In our study, we found, using the ROC curve, that the NELA model is more specific and sensitive, in the 30-day mortality analysis. The AUC of 0.873 in NELA revealed its better predictive value than the P-POSSUM score (AUC 0.544) in predicting thirty-day mortality in a study conducted by Rinisha et al. (14). In contrast to our findings, Lai et al. (15) found that the area under the receiver operating characteristics curve was similar for the NELA (0.86) and the P-POSSUM score models (0.84). Linganathan et al. (22) in 2024 found that the NELA scoring method had lesser accuracy in predicting 30-day mortality among emergency laparotomy patients aged above 80 years; they found that the ROC graph analysis of NELA showed that the AUC was 0.78 in the age group of above 80 years and 0.89 in the age group of below 80 years, however, the score was not well-calibrated. This difference was due to different inclusion criteria and age groups. Overall, the findings of this retrospective study noted that the NELA tool performs better, supporting other findings in the literature.
The NELA and P-POSSUM scores have demonstrated discrimination, irrespective of the pre- or post-operative approach, to be preferred as one of the most effective risk-adjustment tools. The NELA method was well-adjusted and calibrated across all risk bands. However, the P-POSSUM method had limited predicted mortality, beyond which over-predicted risk in comparison. However, both scores concerning open surgery were found to be overestimating the mortality among the patients associated with emergency laparotomies.

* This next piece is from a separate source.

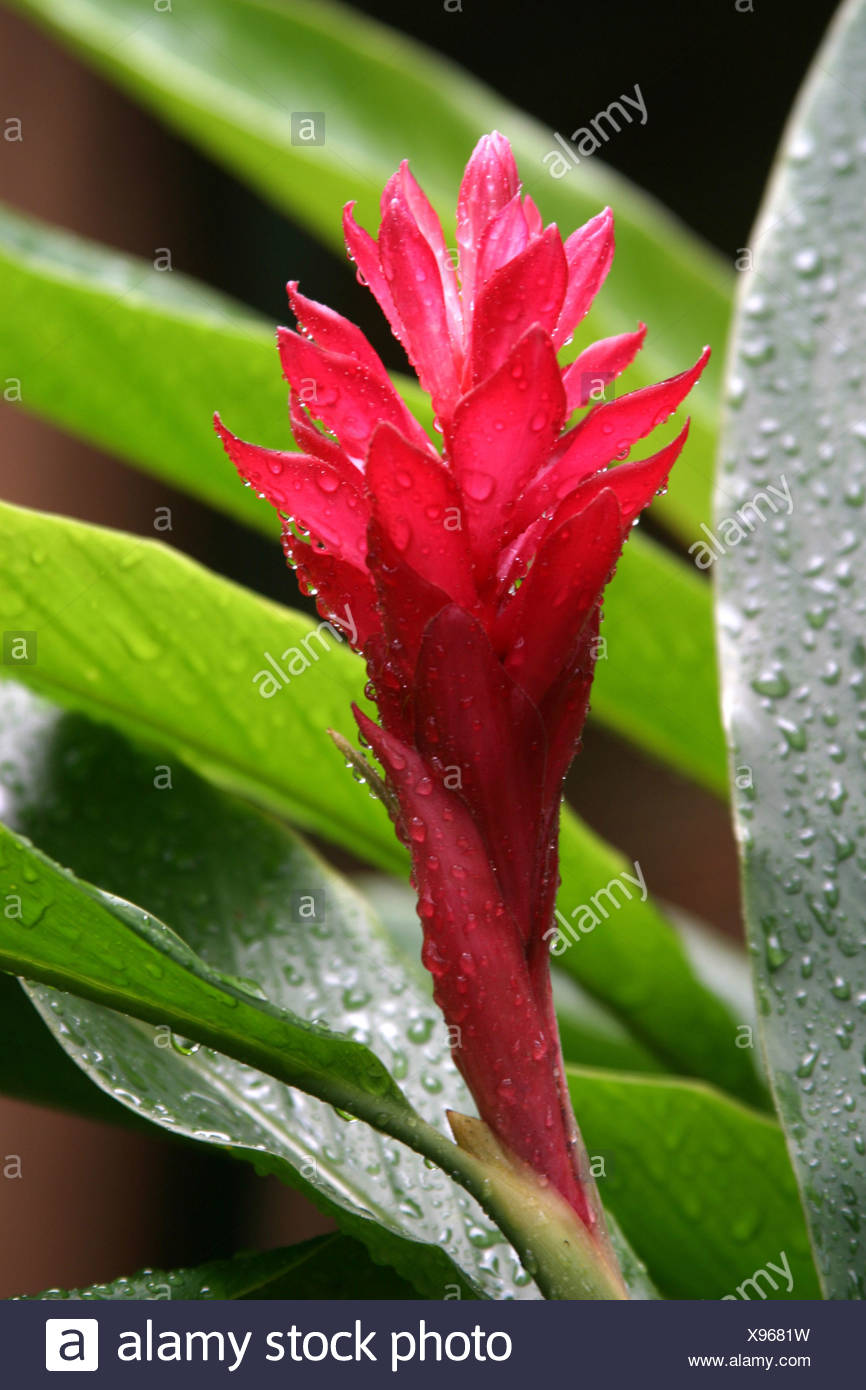 Exotische Blumen Eine Rote Ingwertee Blute Mit Wassertropfen Auf Ihren Leuchtenden Rosa Bluten Und Blatter Apsana Stockfotografie Alamy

The study’s prospective design strengthened its ability to establish temporal relationships, reduce recall bias, and provide a reliable assessment of associations between exposures and outcomes. NELA and P-POSSUM scores show moderate predictive value (AUC under 0.7).
Study Limitations
This may suggest that while NELA performs better, both scores have limitations. The operative scores rely on subjective assessments, like peritoneal contamination, and do not account for operative duration, the time of presentation to the healthcare facility, and operative approach. The low specificity in both scores suggests they may overestimate risk in the population. This overestimation aligns with the findings of other studies and could be relevant for discussions on their use in Indian settings. The results align with previous research, showing that while both scores are predictive, NELA may be more useful in assessing 30-day mortality risk in emergency laparotomy patients. Further discussion on the clinical implications of these findings and the limitations of the scores in the Indian context could add valuable insight.
CONCLUSION
Our study demonstrated that the NELA score outperforms the P-POSSUM score in estimating thirty-day mortality for emergency laparotomy patients. NELA’s superior accuracy suggests it may be a more reliable tool for preoperative risk stratification and clinical decision-making in this high-risk patient population.